After 175 years, Central is ready to celebrate milestone anniversary


Central Connecticut State University has 175 reasons to celebrate this year, as a significant milestone approaches.

On June 22, Central will mark its 175th year as an institution of higher education. The university community celebrated the official start of the anniversary celebration during a kickoff meeting on Feb. 6 at which President Zulma R. Toro and members of her leadership team outlined highlights of the festivities set to unfold over the next year. Among them are an anniversary gala during Homecoming weekend, a community birthday party, and a birthday toast event to celebrate the university’s official birthday on June 22, among others.

“We have so much to celebrate, and I am so grateful to the people — past and present — who have made Central the premier state university in Connecticut,” says Central President Zulma R. Toro. “In recognizing Central’s 175th anniversary, we celebrate its history, growth, and achievements while looking toward the future.”

Nine committees dedicated to several anniversary projects will begin their work soon after dozens of faculty and staff signed up to serve on them during the kickoff.

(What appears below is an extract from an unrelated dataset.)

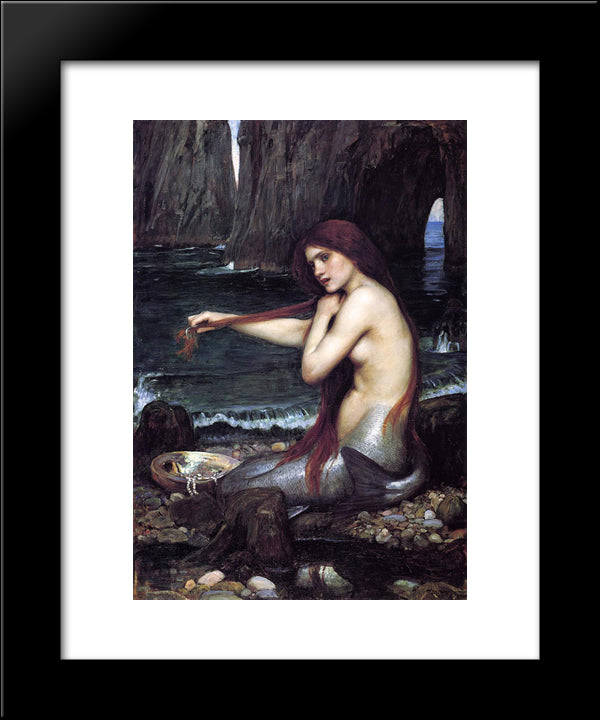 A Mermaid 20x24 Black Modern Wood Framed Art Print Poster by Waterhouse, John William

The committees’ work will incorporate research and feedback from the campus community, the City of New Britain, alumni, and others to produce an array of commemorative events, materials, and academic programs. Committee projects include an anniversary time capsule; the Central Stories project, a collection of oral, written, photographic, and other mementos to highlight the history of Central; a special-edition magazine; and more.

A web page dedicated to the 175th anniversary offers more information, interactive tools, downloadable logos, and, soon, a pop-up shop for anniversary merchandise. The site will be updated throughout the year as more events take shape. View the web page at The site also welcomes reader-submitted Central memories here.

“Central’s accomplishments have been driven by our commitments to our mission and the promise of public higher education as a means of social mobility and cultural and social development,” Toro added. “Those principles will guide us for what I hope will be another 175 years.”